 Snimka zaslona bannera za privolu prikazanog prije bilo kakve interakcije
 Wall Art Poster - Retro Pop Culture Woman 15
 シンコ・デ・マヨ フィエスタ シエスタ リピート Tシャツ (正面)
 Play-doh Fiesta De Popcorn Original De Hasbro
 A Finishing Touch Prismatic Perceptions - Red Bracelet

...

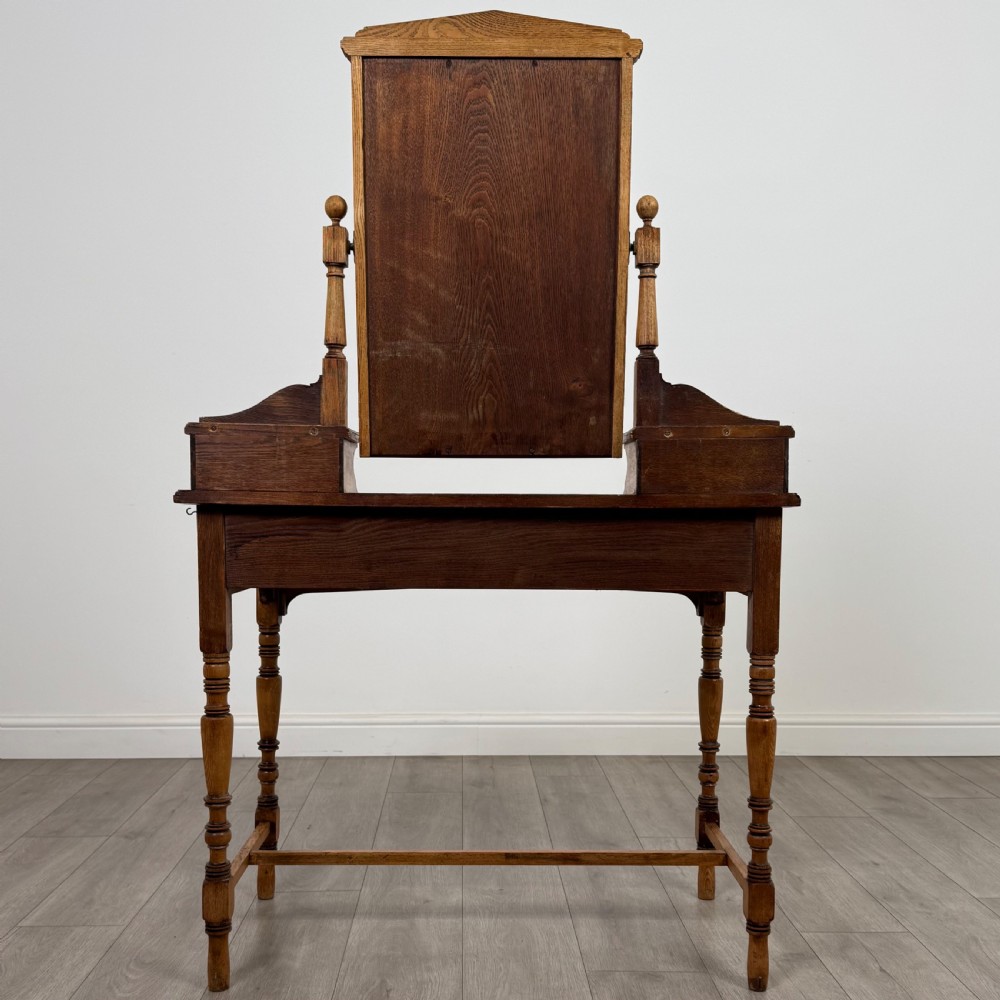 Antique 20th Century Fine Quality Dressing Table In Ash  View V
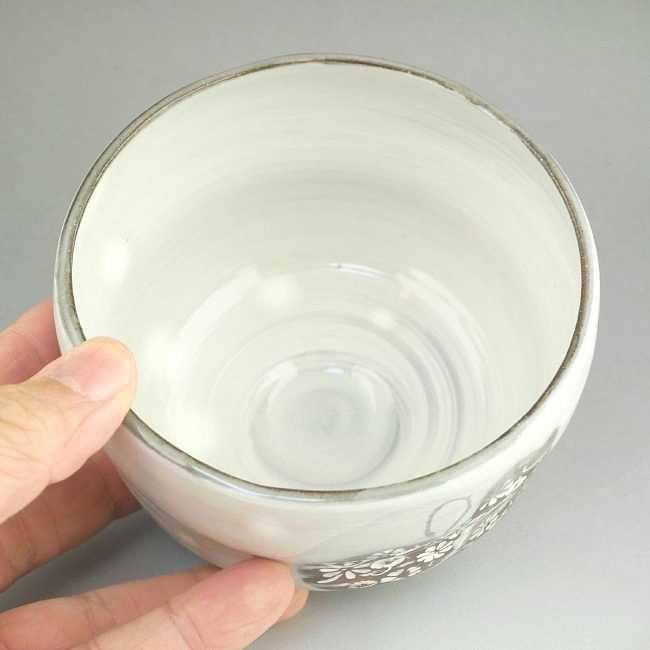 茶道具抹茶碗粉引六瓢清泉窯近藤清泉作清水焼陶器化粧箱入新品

--

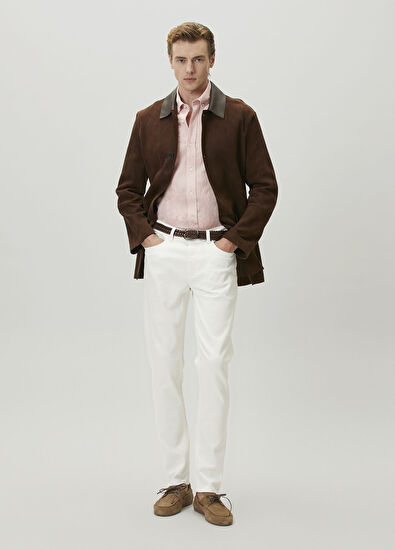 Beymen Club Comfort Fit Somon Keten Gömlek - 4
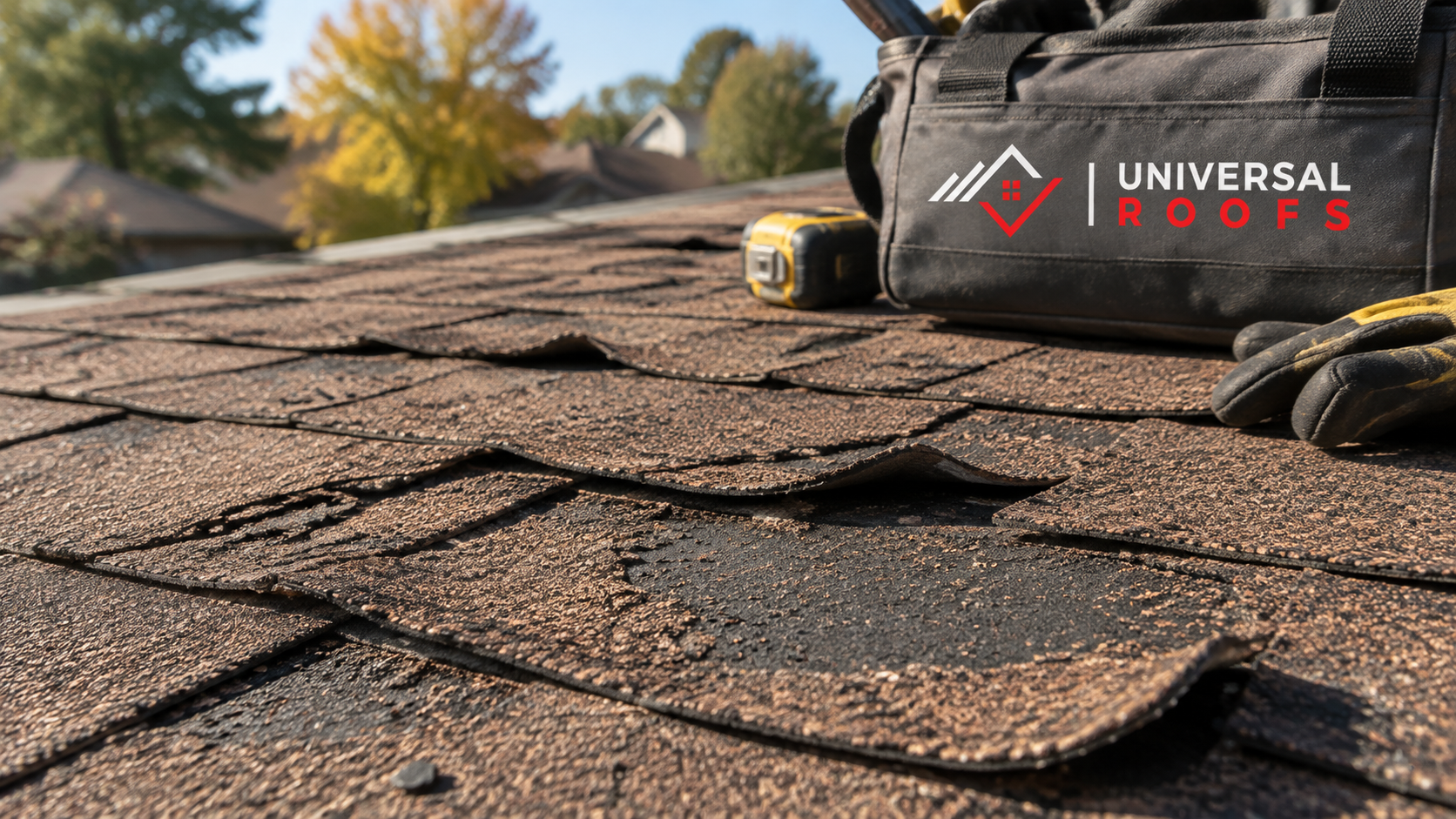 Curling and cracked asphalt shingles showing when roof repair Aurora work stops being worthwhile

• **EXERCISE BRIEF**:
Give again, word for word, every line of the listing above from the one with "シンコ・デ・マヨ フィエスタ シエスタ リピート Tシャツ (正面)" to the one with "A Finishing Touch", both inclusive, and nothing beyond them.

• **SOLUTION FOR THIS PROBLEM**:
 シンコ・デ・マヨ フィエスタ シエスタ リピート Tシャツ (正面)
 Play-doh Fiesta De Popcorn Original De Hasbro
 A Finishing Touch Prismatic Perceptions - Red Bracelet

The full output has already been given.